La méningite à méningocoques B refait surface à Rennes. En l’espace de 48 heures, deux jeunes hommes ont été admis en urgence au CHU, dans un état grave. Le premier, âgé de 16 ans, a été hospitalisé lundi 28 avril. Le second, 19 ans, a été pris en charge mercredi 30. Tous deux ont été placés en réanimation. Aucune connexion directe n’a pour l’instant été établie entre eux. Toutefois, l’un des malades aurait participé à une soirée en périphérie rennaise peu avant l’apparition des symptômes. À ce stade, leur état est jugé critique mais stable. L’Agence régionale de santé (ARS) de Bretagne indique avoir entamé un travail d’identification des cas contacts et de séquençage des souches, en lien avec l’Institut Pasteur. L’objectif : vérifier s’il s’agit d’un même foyer de contamination.

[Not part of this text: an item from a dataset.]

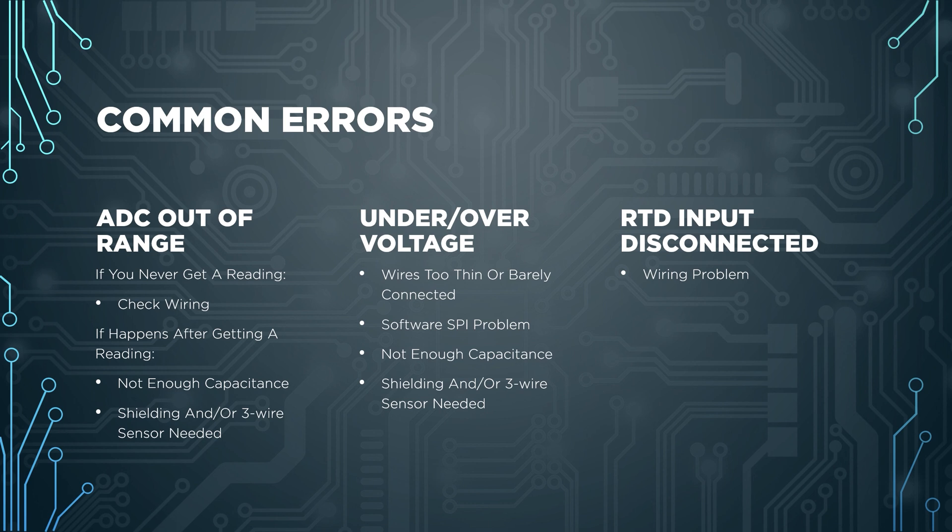Another error is over-voltage or under-voltage, which can happen if wiring is bad or there isn't enough capacitance. If you're confident in your wiring, follow the same steps for adding a cap between the RTD wires. For both ADC out of range and over/under voltage errors, if none of this helps, I recommend trying shielded cabling and/or a three-wire sensor. Shielded cabling may be enough on its own, but three-wire sensors are theoretically superior.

Une ville sous surveillance renforcée
Depuis le début de l’année, Rennes est classée zone de circulation active pour cette souche particulièrement agressive de la méningite. Le 3 février, une étudiante de 18 ans est décédée. Moins d’un mois plus tard, trois autres cas ont été recensés à la Rennes School of Business. Face à la recrudescence des infections, le ministère de la Santé a lancé le 3 mars une vaste campagne de vaccination ciblant les 15-25 ans. Sur les 100 000 jeunes concernés, plus de 64 000 ont déjà reçu une première dose, selon les derniers chiffres de l’ARS. La méningite à méningocoques peut évoluer très rapidement et provoquer des séquelles irréversibles, voire la mort, en quelques heures. Si la campagne vaccinale connaît un taux de participation jugé encourageant par les autorités sanitaires, la vigilance reste de mise. Le moindre nouveau cas détecté dans la région relance l’alerte et pousse les services de santé à réagir dans l’urgence. À Rennes, la menace est toujours là.